- DATA SUPPLIED -
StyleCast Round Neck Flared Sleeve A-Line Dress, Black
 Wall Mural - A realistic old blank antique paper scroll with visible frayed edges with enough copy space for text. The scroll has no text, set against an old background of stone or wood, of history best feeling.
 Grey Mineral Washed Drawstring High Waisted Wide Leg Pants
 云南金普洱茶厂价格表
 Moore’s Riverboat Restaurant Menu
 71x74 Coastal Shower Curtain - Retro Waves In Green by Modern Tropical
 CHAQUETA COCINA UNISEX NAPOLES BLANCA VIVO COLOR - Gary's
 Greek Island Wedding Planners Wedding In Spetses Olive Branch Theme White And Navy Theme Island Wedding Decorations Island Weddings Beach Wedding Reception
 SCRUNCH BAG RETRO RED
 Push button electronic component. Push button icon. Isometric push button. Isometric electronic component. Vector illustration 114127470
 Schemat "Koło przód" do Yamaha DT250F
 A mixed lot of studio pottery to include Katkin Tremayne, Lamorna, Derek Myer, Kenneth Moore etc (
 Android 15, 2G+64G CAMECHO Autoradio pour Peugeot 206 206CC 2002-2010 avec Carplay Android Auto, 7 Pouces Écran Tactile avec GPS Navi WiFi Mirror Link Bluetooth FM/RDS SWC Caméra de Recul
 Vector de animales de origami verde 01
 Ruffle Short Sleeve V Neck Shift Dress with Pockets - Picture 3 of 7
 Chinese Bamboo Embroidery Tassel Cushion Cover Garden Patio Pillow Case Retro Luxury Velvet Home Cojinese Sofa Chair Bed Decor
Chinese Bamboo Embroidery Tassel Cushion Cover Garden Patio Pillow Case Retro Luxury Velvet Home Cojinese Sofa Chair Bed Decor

- WHAT TO PRODUCE -
Within the entries above, find each line where "Vector" appears; copy every one.

- OUTPUT BELOW -
 Push button electronic component. Push button icon. Isometric push button. Isometric electronic component. Vector illustration 114127470
 Vector de animales de origami verde 01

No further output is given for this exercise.